MATERIAL PROVIDED

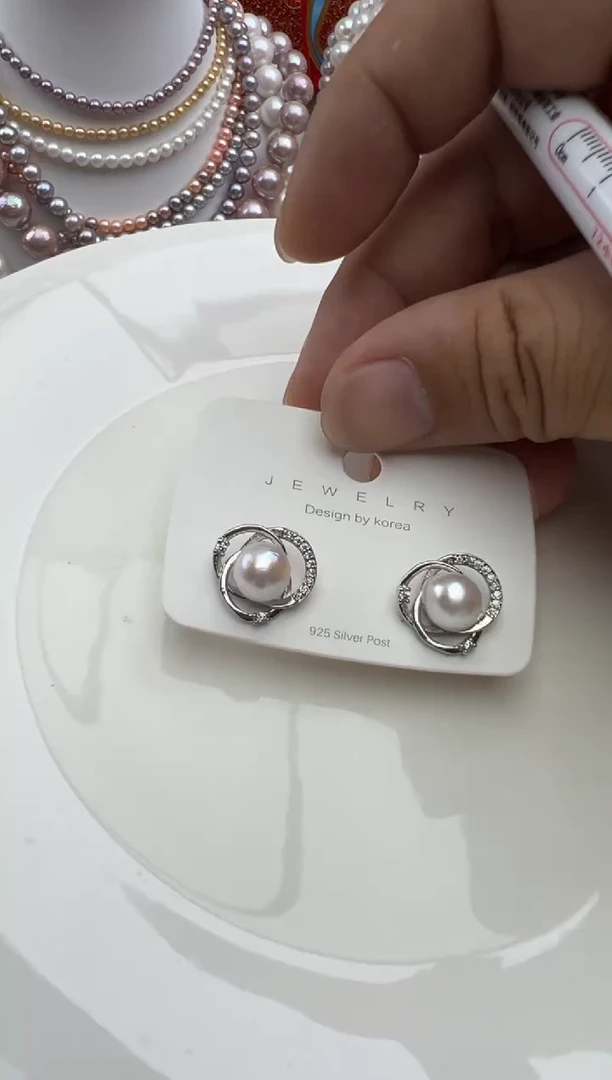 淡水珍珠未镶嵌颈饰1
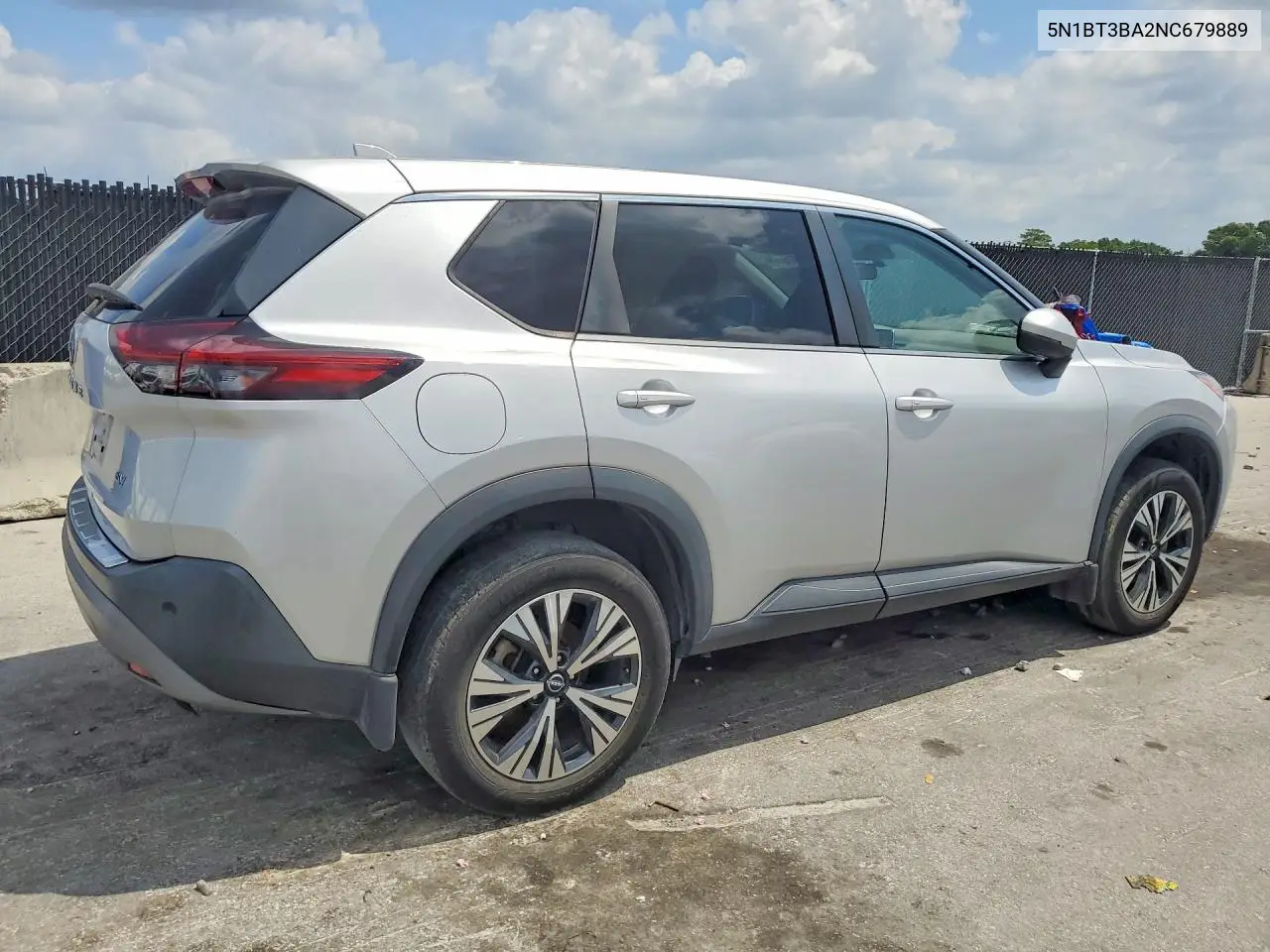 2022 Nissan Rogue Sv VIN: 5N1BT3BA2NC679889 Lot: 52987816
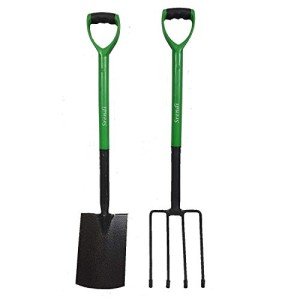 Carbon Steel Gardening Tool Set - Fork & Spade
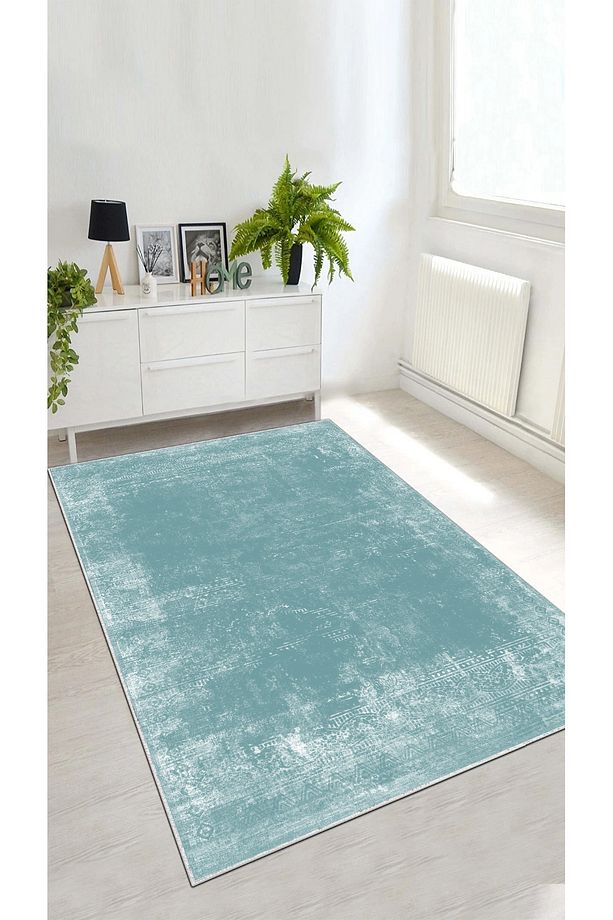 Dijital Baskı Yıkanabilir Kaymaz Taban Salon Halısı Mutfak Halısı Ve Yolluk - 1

TASK BRIEF
From the first line to the last, retype the material exactly and exclude the pictures.

COMPLETED TASK
 淡水珍珠未镶嵌颈饰1
 2022 Nissan Rogue Sv VIN: 5N1BT3BA2NC679889 Lot: 52987816
 Carbon Steel Gardening Tool Set - Fork & Spade
 Dijital Baskı Yıkanabilir Kaymaz Taban Salon Halısı Mutfak Halısı Ve Yolluk - 1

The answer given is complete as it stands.